- Opening Delimiter -
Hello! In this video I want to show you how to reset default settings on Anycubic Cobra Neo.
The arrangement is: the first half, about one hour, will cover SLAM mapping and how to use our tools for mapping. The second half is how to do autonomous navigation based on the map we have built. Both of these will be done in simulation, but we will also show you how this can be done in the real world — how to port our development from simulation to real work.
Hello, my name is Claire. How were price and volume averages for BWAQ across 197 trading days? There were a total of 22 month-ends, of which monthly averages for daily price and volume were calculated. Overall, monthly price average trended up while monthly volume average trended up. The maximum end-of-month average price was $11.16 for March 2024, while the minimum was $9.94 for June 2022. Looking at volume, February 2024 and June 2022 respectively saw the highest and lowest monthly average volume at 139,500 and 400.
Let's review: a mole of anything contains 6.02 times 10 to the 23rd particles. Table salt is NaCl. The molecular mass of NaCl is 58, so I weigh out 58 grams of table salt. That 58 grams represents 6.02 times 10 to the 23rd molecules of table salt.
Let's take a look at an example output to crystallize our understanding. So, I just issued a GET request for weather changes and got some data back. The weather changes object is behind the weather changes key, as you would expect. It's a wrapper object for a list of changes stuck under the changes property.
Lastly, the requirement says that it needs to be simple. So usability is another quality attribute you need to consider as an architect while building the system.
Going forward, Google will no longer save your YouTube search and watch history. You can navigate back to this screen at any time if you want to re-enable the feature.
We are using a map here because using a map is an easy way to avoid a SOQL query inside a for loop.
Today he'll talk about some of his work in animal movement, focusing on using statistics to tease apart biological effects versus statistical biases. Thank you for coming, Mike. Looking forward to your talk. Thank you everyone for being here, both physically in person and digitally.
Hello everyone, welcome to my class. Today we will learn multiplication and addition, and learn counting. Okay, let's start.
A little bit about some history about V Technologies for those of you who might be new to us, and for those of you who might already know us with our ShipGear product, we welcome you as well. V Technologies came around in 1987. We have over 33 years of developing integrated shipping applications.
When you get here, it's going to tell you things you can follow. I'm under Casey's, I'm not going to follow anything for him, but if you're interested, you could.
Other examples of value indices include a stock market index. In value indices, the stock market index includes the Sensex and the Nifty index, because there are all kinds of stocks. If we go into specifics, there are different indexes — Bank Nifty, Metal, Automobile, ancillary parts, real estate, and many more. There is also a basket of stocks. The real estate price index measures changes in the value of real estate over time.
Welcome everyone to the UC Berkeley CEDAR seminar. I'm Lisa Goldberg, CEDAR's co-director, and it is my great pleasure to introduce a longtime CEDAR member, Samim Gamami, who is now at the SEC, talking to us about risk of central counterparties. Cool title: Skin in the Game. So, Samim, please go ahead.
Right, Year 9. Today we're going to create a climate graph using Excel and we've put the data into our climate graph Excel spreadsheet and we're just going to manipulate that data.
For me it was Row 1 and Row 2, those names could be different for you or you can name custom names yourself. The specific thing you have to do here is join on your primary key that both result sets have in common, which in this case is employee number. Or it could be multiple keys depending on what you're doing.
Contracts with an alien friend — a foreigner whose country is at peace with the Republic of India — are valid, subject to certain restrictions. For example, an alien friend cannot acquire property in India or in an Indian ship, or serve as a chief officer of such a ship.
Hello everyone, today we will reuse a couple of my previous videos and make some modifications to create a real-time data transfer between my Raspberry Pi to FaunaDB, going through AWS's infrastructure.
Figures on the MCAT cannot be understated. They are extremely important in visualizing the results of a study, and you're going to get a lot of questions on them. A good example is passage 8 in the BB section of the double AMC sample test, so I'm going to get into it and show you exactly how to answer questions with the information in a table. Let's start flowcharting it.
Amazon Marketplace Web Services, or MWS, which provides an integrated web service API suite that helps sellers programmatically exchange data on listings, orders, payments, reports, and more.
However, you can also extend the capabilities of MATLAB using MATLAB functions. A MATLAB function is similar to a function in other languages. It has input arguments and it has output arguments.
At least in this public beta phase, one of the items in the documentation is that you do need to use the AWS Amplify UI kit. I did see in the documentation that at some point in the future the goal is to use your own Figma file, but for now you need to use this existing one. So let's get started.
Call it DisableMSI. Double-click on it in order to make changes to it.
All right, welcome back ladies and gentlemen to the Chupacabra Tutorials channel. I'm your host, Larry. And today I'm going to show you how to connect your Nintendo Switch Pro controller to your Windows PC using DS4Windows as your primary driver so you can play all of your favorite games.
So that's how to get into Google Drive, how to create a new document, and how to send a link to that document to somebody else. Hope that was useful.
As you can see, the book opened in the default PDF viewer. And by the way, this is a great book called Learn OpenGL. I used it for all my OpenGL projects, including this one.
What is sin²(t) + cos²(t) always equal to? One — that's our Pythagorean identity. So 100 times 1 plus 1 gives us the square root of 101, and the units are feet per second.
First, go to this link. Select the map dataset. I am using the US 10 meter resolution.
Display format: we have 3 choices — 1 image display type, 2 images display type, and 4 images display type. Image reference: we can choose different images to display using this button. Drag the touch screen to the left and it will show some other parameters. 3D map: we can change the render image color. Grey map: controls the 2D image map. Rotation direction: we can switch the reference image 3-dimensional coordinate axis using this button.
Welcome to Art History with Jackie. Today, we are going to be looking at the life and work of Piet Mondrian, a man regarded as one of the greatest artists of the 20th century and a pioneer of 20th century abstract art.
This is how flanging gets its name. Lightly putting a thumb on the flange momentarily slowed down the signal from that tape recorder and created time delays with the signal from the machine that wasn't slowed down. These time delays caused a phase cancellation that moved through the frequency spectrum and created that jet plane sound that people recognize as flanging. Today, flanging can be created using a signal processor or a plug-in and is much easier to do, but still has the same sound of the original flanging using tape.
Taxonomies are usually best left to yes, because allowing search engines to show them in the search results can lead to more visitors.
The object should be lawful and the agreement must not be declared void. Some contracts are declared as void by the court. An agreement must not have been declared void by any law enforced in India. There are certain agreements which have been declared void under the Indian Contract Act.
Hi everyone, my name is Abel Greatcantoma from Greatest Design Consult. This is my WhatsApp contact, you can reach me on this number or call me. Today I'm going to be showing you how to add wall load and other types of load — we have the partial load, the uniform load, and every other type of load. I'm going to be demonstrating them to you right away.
- Closing Delimiter -
_PROBLEM DETAILS:_
Above are the records; please copy exactly their first line and each line after it through the line containing "Hello, my name", and no line after that.

_ANSWER SECTION:_
Hello! In this video I want to show you how to reset default settings on Anycubic Cobra Neo.
The arrangement is: the first half, about one hour, will cover SLAM mapping and how to use our tools for mapping. The second half is how to do autonomous navigation based on the map we have built. Both of these will be done in simulation, but we will also show you how this can be done in the real world — how to port our development from simulation to real work.
Hello, my name is Claire. How were price and volume averages for BWAQ across 197 trading days? There were a total of 22 month-ends, of which monthly averages for daily price and volume were calculated. Overall, monthly price average trended up while monthly volume average trended up. The maximum end-of-month average price was $11.16 for March 2024, while the minimum was $9.94 for June 2022. Looking at volume, February 2024 and June 2022 respectively saw the highest and lowest monthly average volume at 139,500 and 400.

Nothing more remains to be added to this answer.